» Dataset excerpt
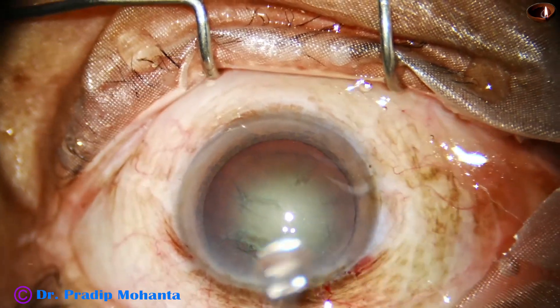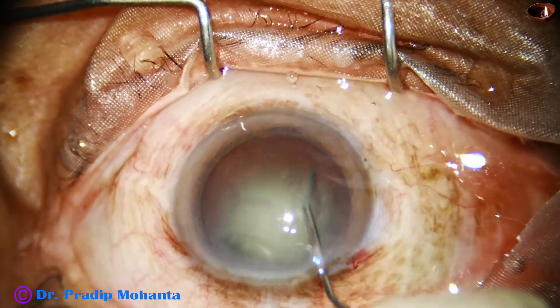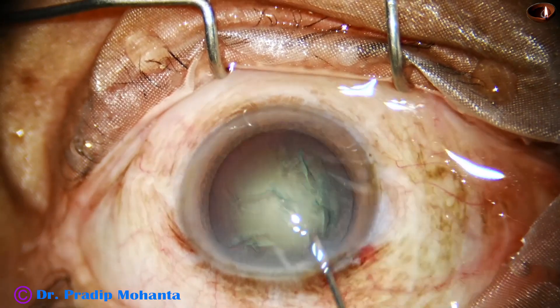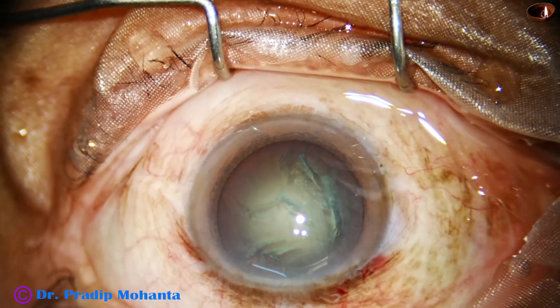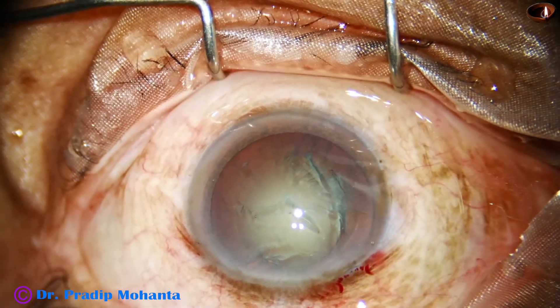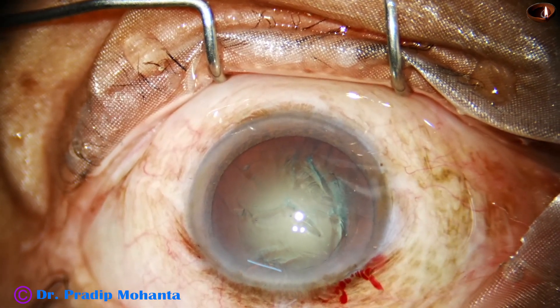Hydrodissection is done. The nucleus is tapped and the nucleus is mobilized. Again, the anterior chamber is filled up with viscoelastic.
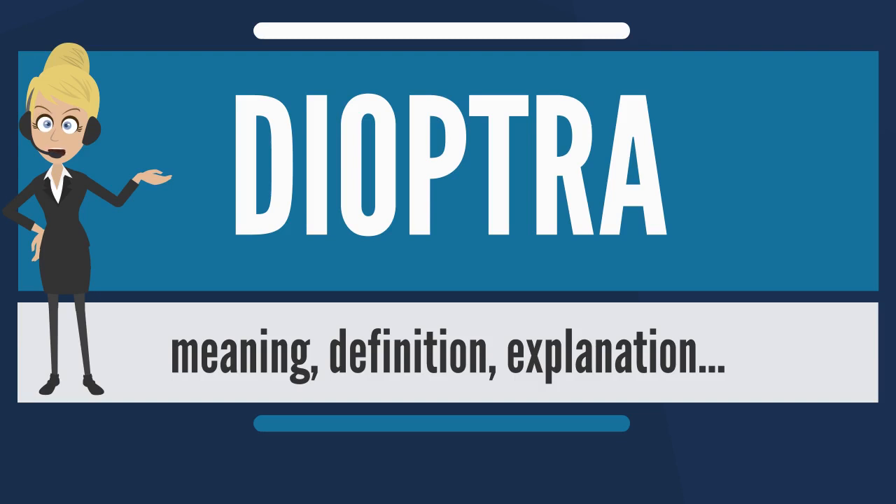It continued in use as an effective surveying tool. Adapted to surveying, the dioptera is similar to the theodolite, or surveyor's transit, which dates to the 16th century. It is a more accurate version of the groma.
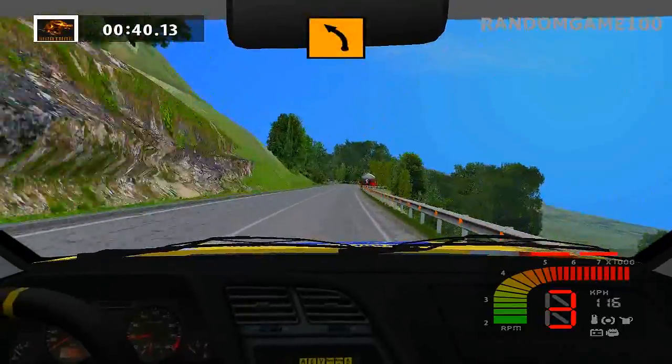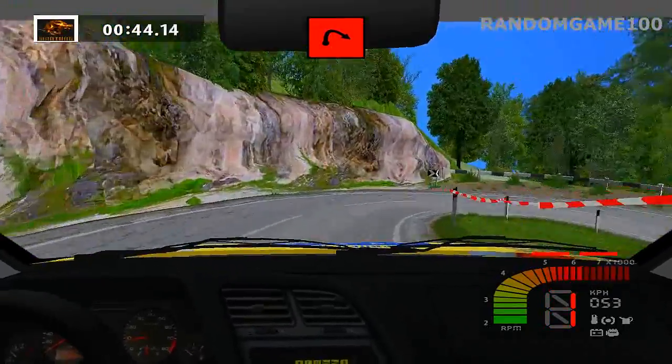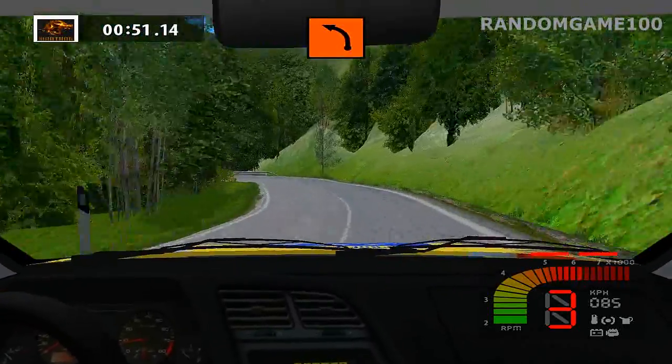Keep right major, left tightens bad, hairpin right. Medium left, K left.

» Description of the task
Your answer must be an exact copy of the lines from the line with "It continued in" to the final line of the data, both ends included, and no pictures.

» Answer area
It continued in use as an effective surveying tool. Adapted to surveying, the dioptera is similar to the theodolite, or surveyor's transit, which dates to the 16th century. It is a more accurate version of the groma.
Keep right major, left tightens bad, hairpin right. Medium left, K left.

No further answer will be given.